Makes 4 small bowls
This is a traditional Japanese soup in which taste and flavor depend on the miso paste. The two conventional types are white (the soy beans are matured for only a few months, lending a caramel brown color that is lower in salt and slightly sweet) and red (matured for more than one year, deepening the color to red-brown with a high salt content). Miso varieties also include rice, barley, and bean. Another key ingredient is dashi, a bonito fish stock. Make dashi from an instant mix such as Hondashi or from scratch, as instructed here. Homemade has more depth and subtlety.
4 1/4 cups water
1 strip (4 inches) konbu dried kelp, cut lengthwise into fourths
1 cup katsuo-bushi dried bonito fish shavings
1. In a saucepan, pour 4 cups of the water.

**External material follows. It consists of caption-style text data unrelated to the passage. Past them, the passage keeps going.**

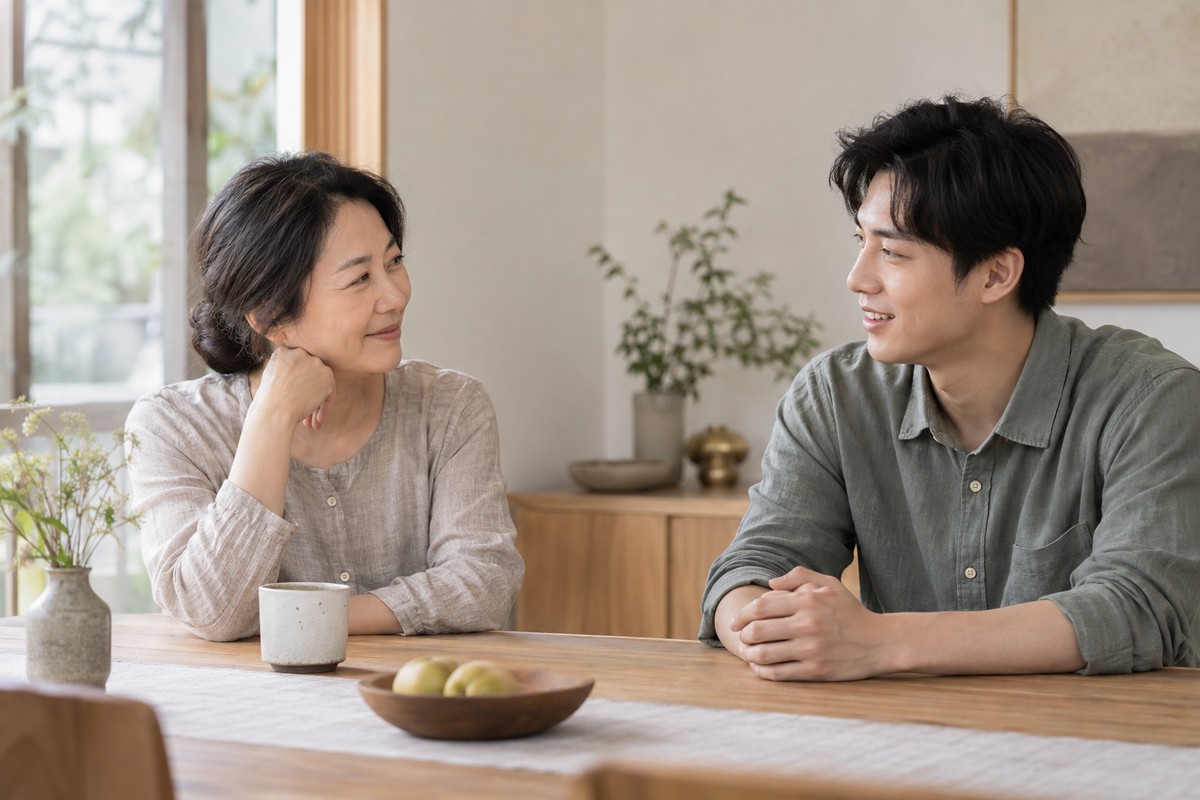Two adults in conversation across a pale wooden table beside a window.
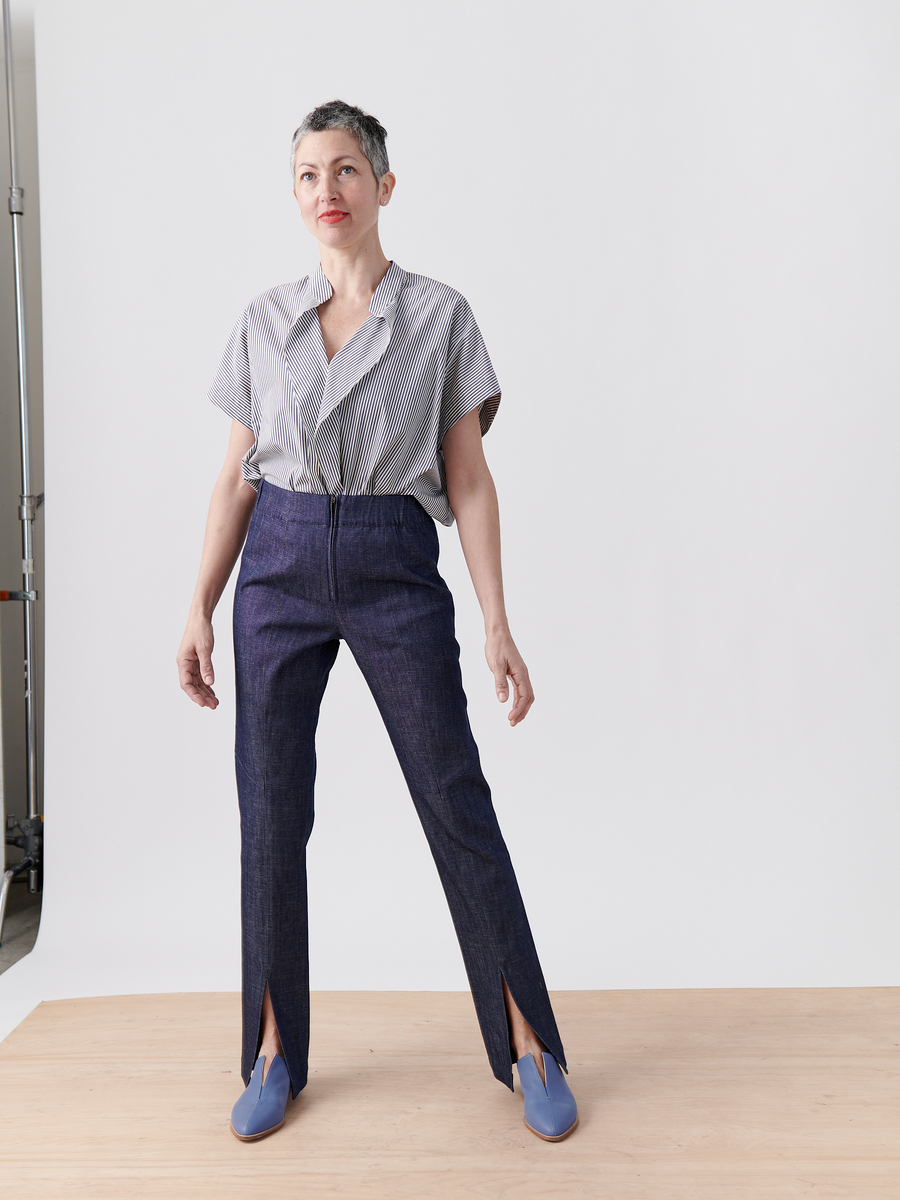 A person with short grey hair confidently stands on a wooden surface in a blue-and-white striped shirt and wearing Zero + Maria Cornejo's Denim Tala Trouser, made of 100% organic cotton with front slits, paired with blue shoes, set against a plain white background.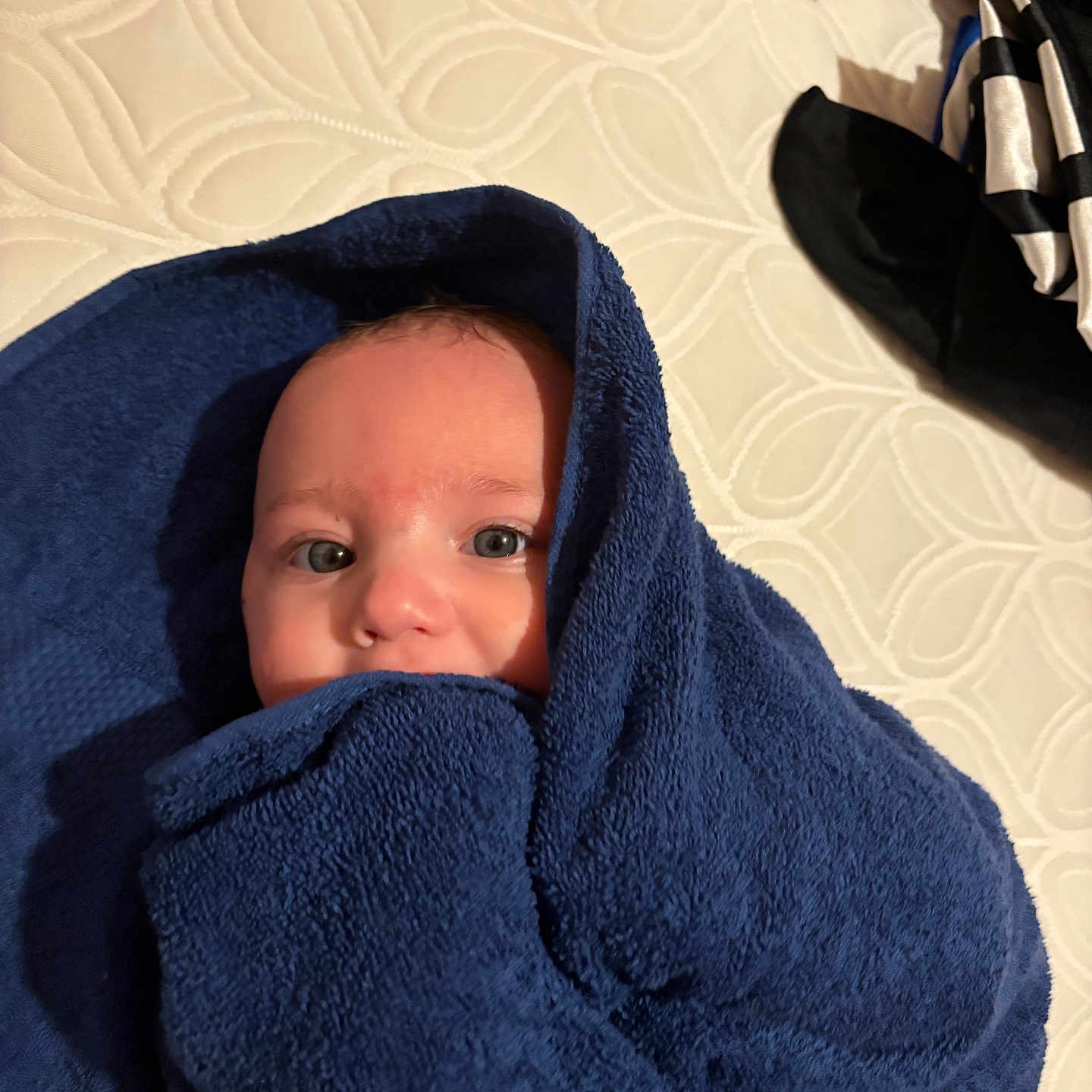 Aric is registered to the contest to win money with this photo: baby, bed, blanket, blue_towel, child, comfort, cozy, cute, eyes, face, head, indoors, infant, mattress, pattern, portrait, skin, soft, towel, wrapped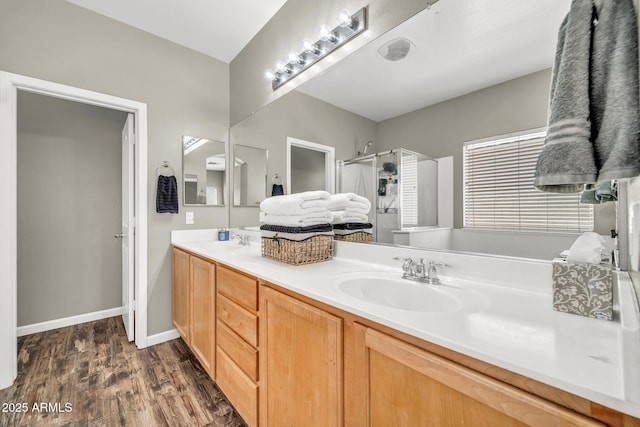 16917 W Sonora St, Goodyear, AZ 85338 - bathroom with double vanity, wood finished floors, and a stall shower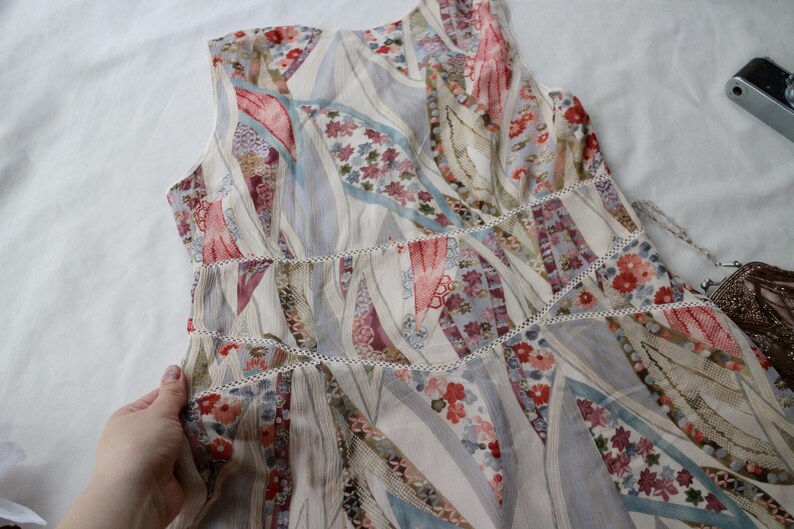 May include: A sleeveless dress with a patchwork design. The dress features a mix of floral and geometric patterns in shades of cream, pink, red, and blue. White trim accents the waist and neckline. A vintage camera is in the background.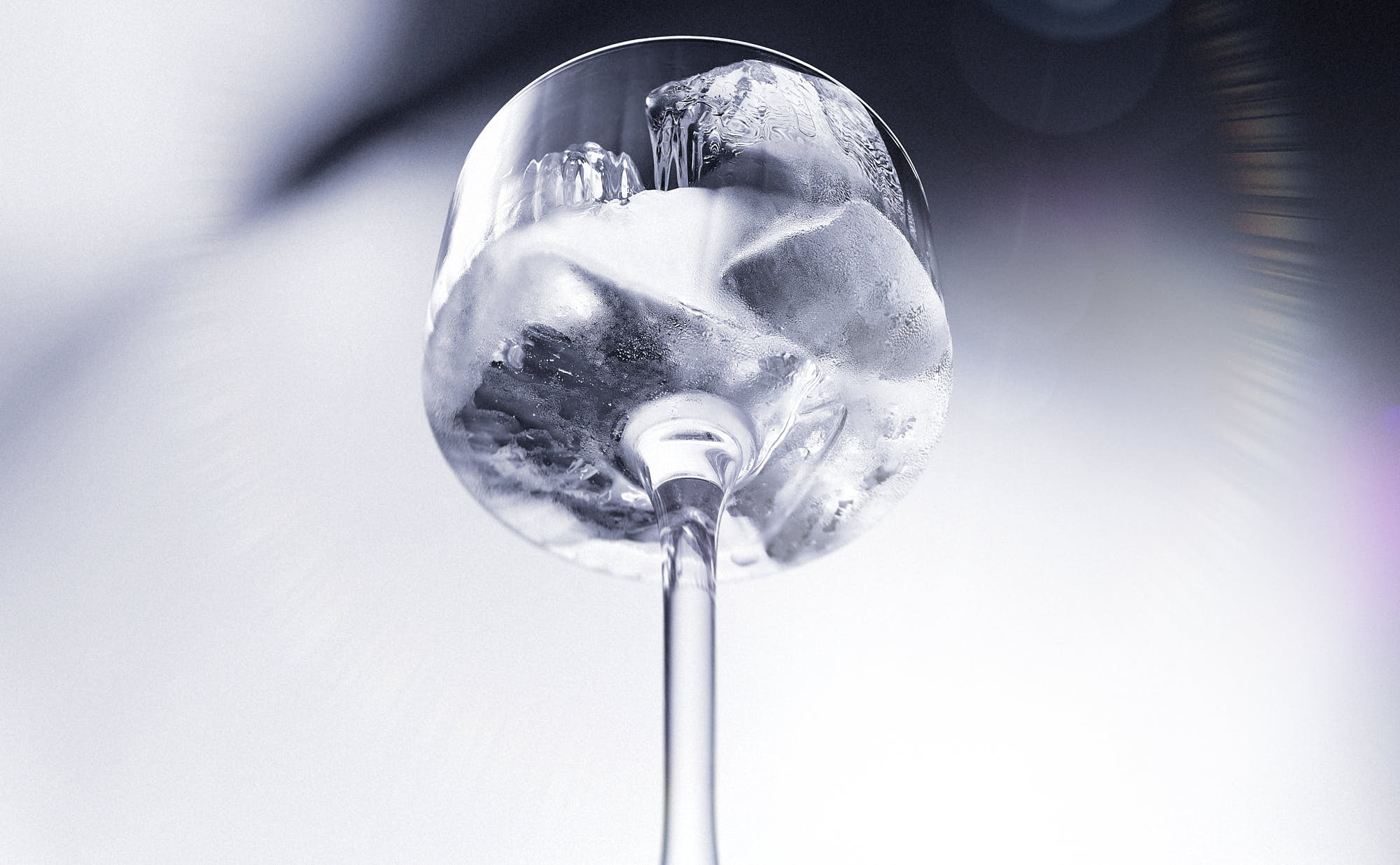 A close-up of a glass full of ice against a light background.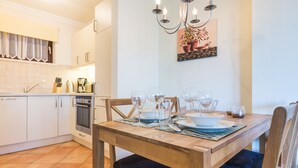 Ein Essbereich mit einem Holztisch, gedeckt für vier Personen, einer Chandelierleuchtre und einer Küche im Hintergrund.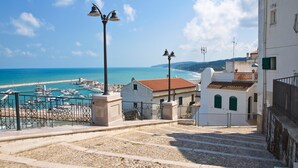 A coastal town with a marina, stone steps leading to buildings with red-tiled roofs, and a clear blue sky. - B&B in the wonderful and evocative center of Rodi Garganico (Rodi Garganico)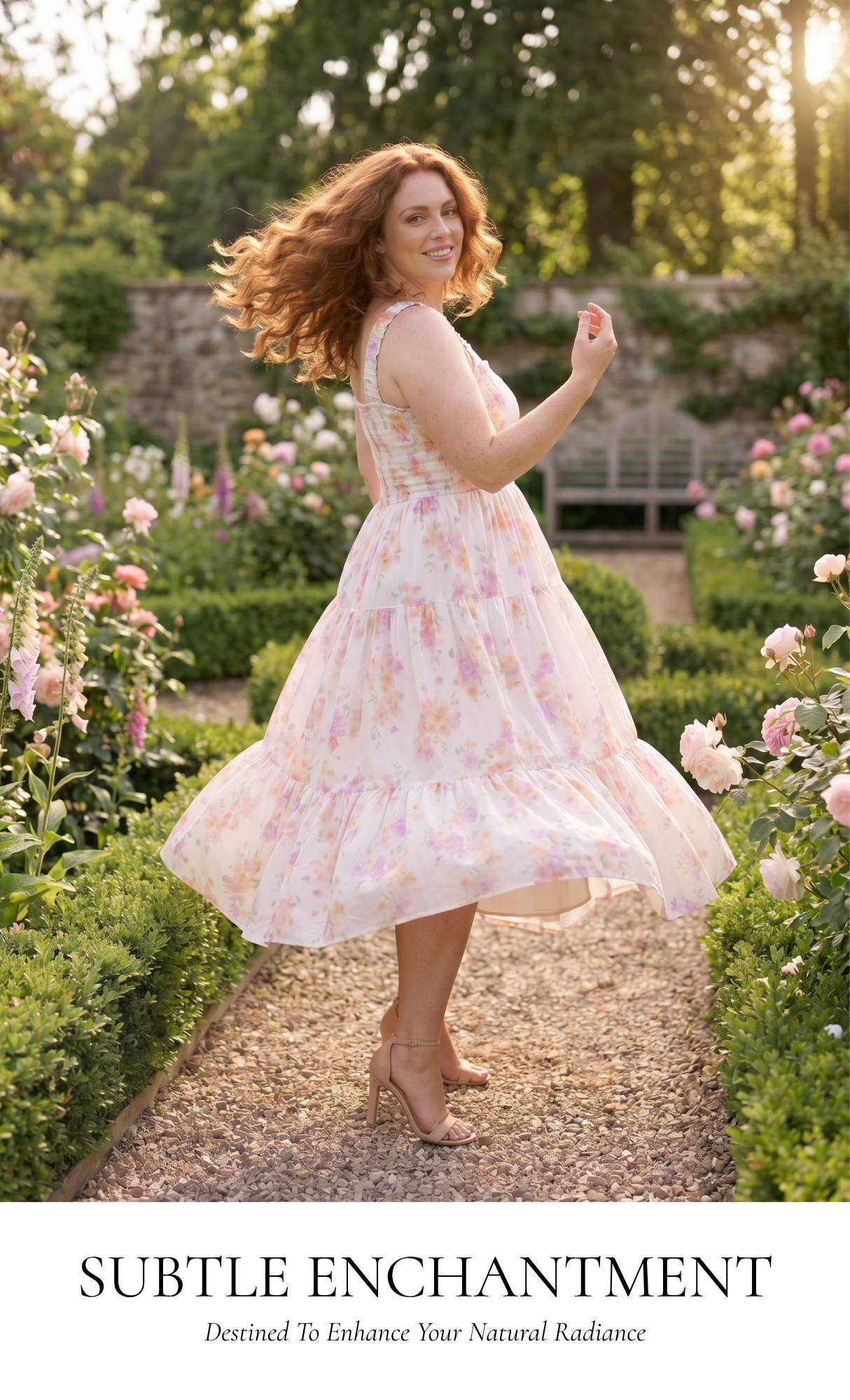 A woman with wavy red hair stands in a sunlit garden wearing a sleeveless tiered midi dress with a soft pink and peach floral print on a white base. She is captured mid-turn with her dress flowing, surrounded by blooming roses and green hedges.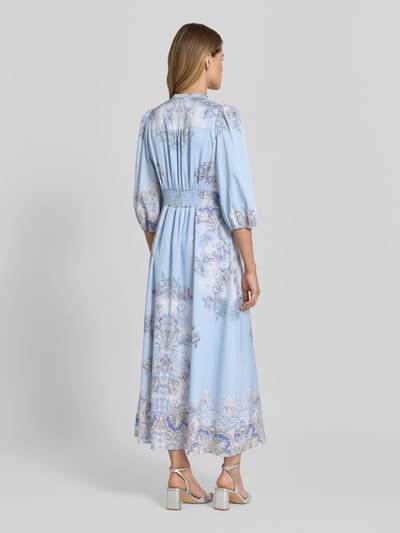 Frauenmodel trägt Maxikleid mit V-Ausschnitt und 3/4-Arm Modell 'Stellar Artist' von Neo Noir im Allover-Look, A-Linie, Rückenansicht. Rückenlänge bei Größe 36: 131 cm, Brustweite 41 cm, Ärmellänge 49 cm.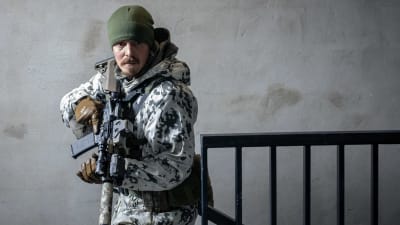 Max Tanner (Jasper Pääkkönen) iklädd en kamouflagedräkt står med ett gevär i handen och ser allvarlig ut.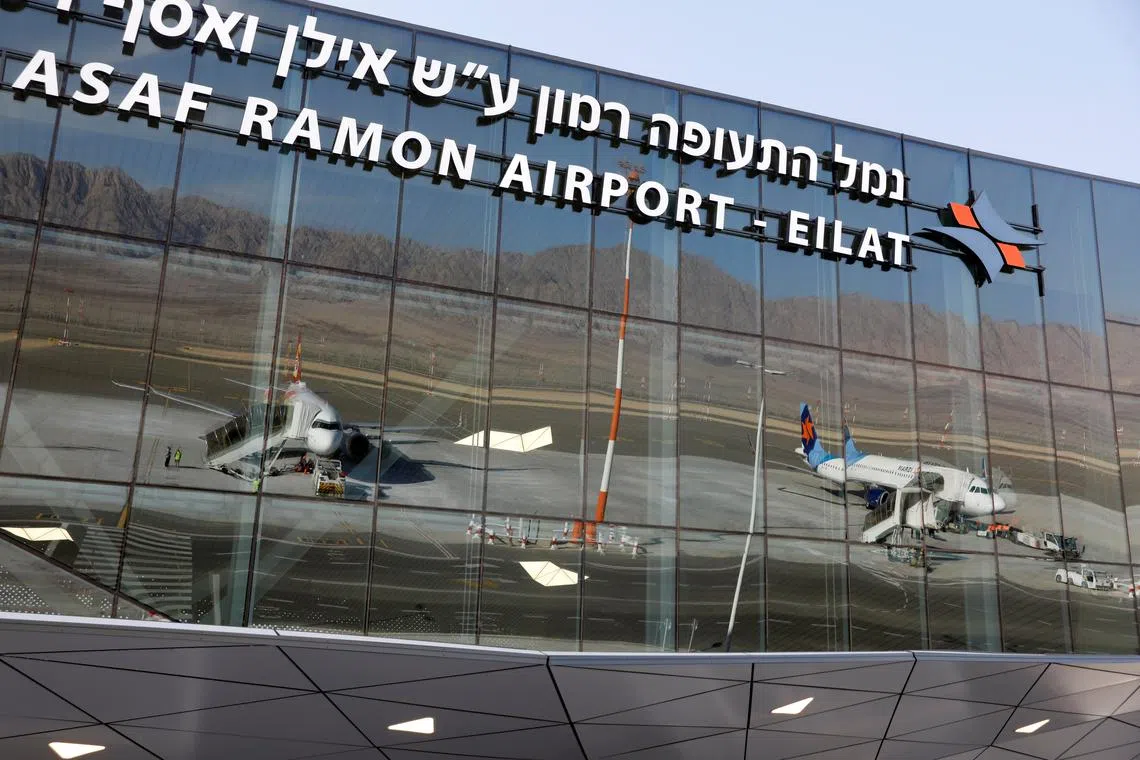 FILE PHOTO: Planes are reflected in the facade of the Ramon International Airport after an inauguration ceremony for the new airport, just outside the southern Red Sea resort city of Eilat, Israel January 21, 2019. REUTERS/Ronen Zvulun/File Photo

2. Gently wipe the kelp once with a damp paper towel. Do not wipe off the nutritious white powder. Place in the saucepan, and set aside for 1 hour off the heat.
3. Place the saucepan over medium heat. Just before the water boils, remove the kelp. Skim the water.
4. Add the remaining 1/4 cup water to stop the cooking. Add the fish shavings. Set over the heat again. When the water begins to boil, turn off the heat.
5. When the shavings sink to the bottom of the pan, strain the broth.
3 1/2 cups dashi
3 tablespoons miso paste
1/2 block (8 ounces) medium or firm tofu, rinsed and cut into 1/2-inch cubes
2 tablespoons dried wakame seaweed, soaked in water for 5 minutes, and drained
2 scallions, finely chopped
1. In a saucepan over medium heat, heat the dashi. When it boils, lower the heat.
2. In a bowl, combine the miso and 1/2 ladle of hot dashi. Set aside until it dissolves, stirring often.
3. Add the tofu, seaweed, and miso mixture to the dashi. Stir gently and bring to a boil. Remove from the heat. Add the scallions and taste for seasoning. If the soup is too salty, add more dashi or water. If the soup is too mild, add a little miso paste.